Future-Proofing the Framework: What We Can Learn from Global Shifts
Nigeria’s contactless framework is a strong foundation. However, foundations are not the same as scale. If adoption is the goal, the next phase must move from containment to calibration. The regulators could:
- Make Limits Dynamic, Not Static: Fixed thresholds age quickly in an inflationary economy. The UK progressively raised its cap before ultimately removing it, with the Financial Conduct Authority shifting to a bank-led model. Nigeria does not need to replicate that approach wholesale, but a periodic review mechanism, tied to inflation or purchasing power, would keep limits commercially relevant.
- Introduce Risk-Based Flexibility: As fraud detection systems improve, regulators can differentiate. Issuers and Acquirers with demonstrably strong fraud monitoring should be permitted higher thresholds. Regulation should reward risk maturity.
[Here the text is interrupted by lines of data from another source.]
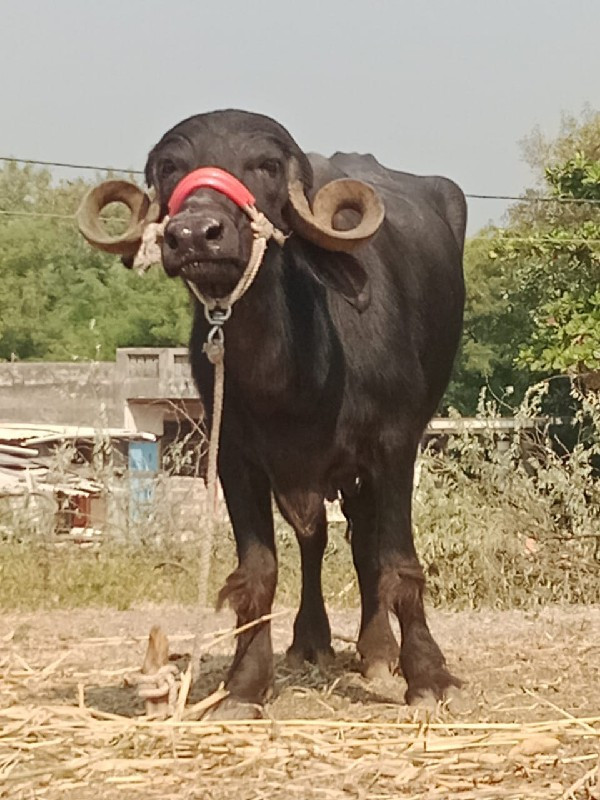 પેલું વેતર ખડેલ...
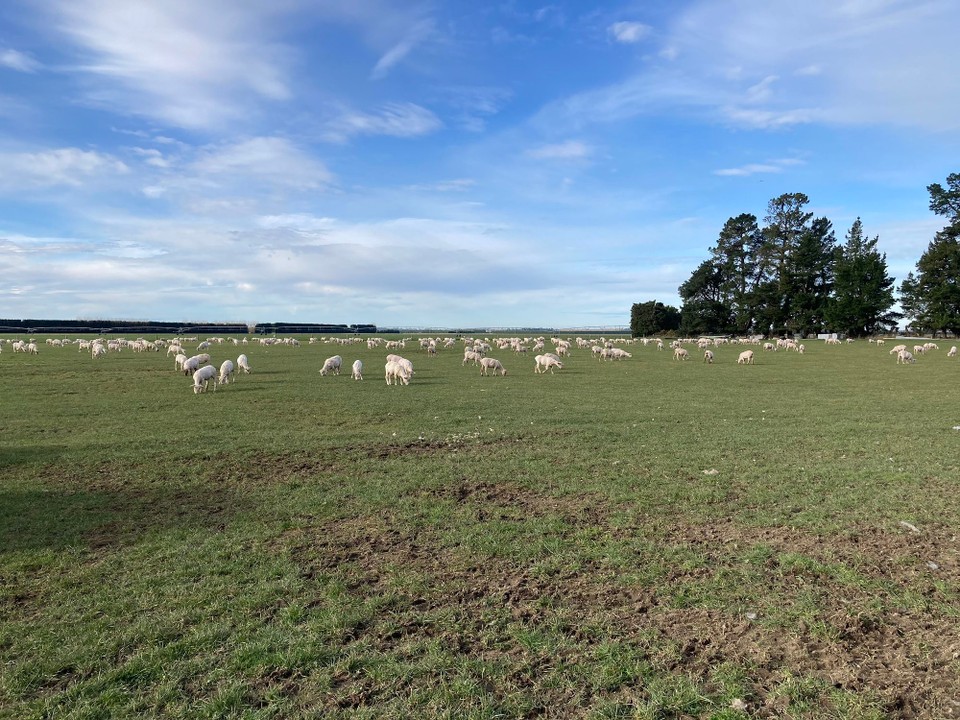 Neuseeland - Ashburton - Zur Nachmittagspause sind schon einige mehr und am Ende des Tages sind es 620 Tiere die geschoren worden sind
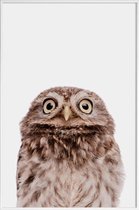 JUNIQE - Poster in kunststof lijst Owl -30x45 /Bruin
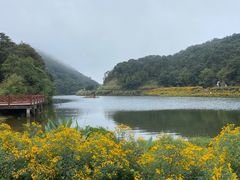 -广州市石门国家森林公园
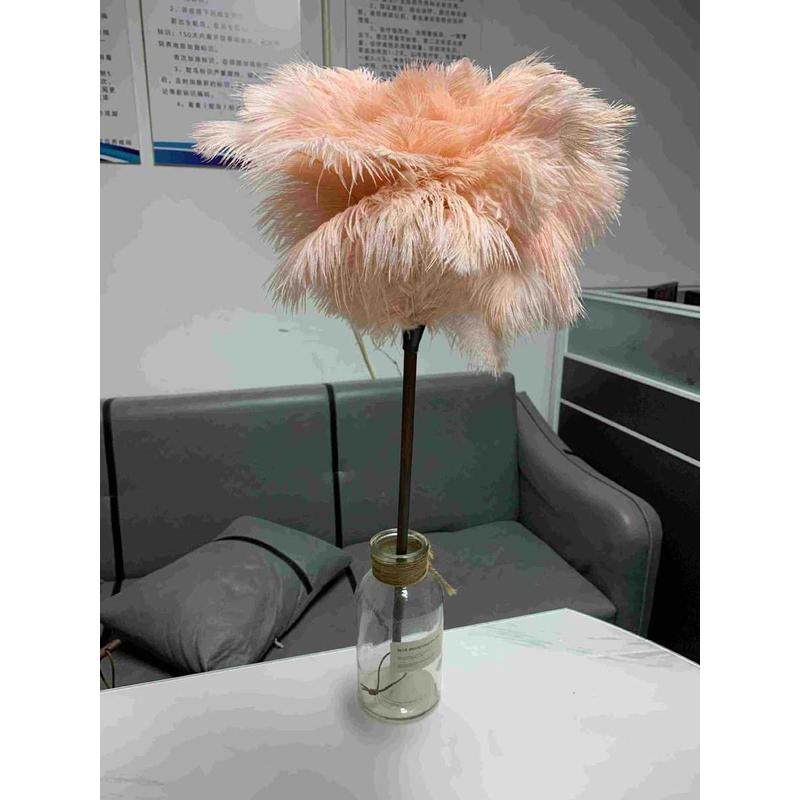 批发肉粉鸵鸟掸掸子胡桃木柄鸡毛掸子静电除尘毛家用扫车桌面装饰,农机/农具/农膜,播种栽苗器/地膜机,淘宝优惠券,粉丝福利购,淘宝优惠卷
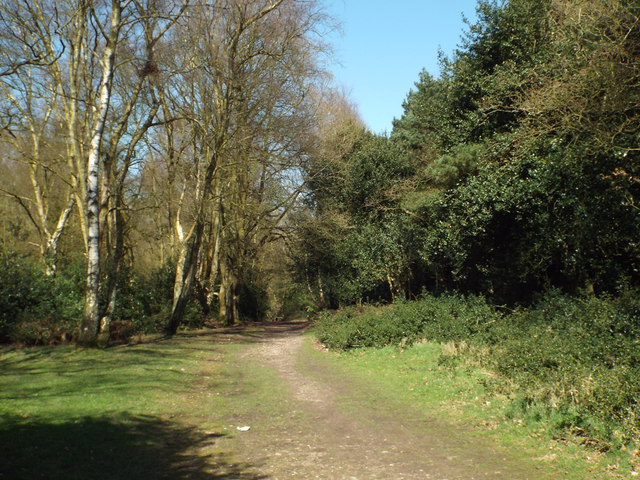 North on a track between Hill Hurst and... © Robin Stott cc-by-sa/2.0 ...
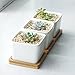 Greenaholics Succulent Plant Pots - 3.54 Inch Small Ceramic Square Planter Containers for Flowers or Cactus with Drainage Hole and Bamboo Tray - White Set of 3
- Let Consumers Set Their Comfort Zone: Not every customer has the same risk appetite. Allowing users to adjust their own contactless limits within regulated parameters could increase adoption while preserving control.
- Align Supervision with Data Intelligence: Globally, regulators are leaning on real-time fraud analytics rather than rigid caps. As transaction monitoring improves, policy can gradually shift from prescriptive ceilings to surveillance-backed flexibility.
The Strategic Outlook
Nigeria is in a transitional phase. Terminals need upgrading. Merchants need education. Consumers need confidence. But the regulatory fundamentals are in place. The real lever now is adaptability.
Whether contactless becomes niche convenience or default retail infrastructure will depend on supervisory adaptability, infrastructure investment, and consumer education. Five years from now, cash may be the exception, transfers the baseline, and contactless the everyday standard. The regulatory posture today will determine the speed of that transition.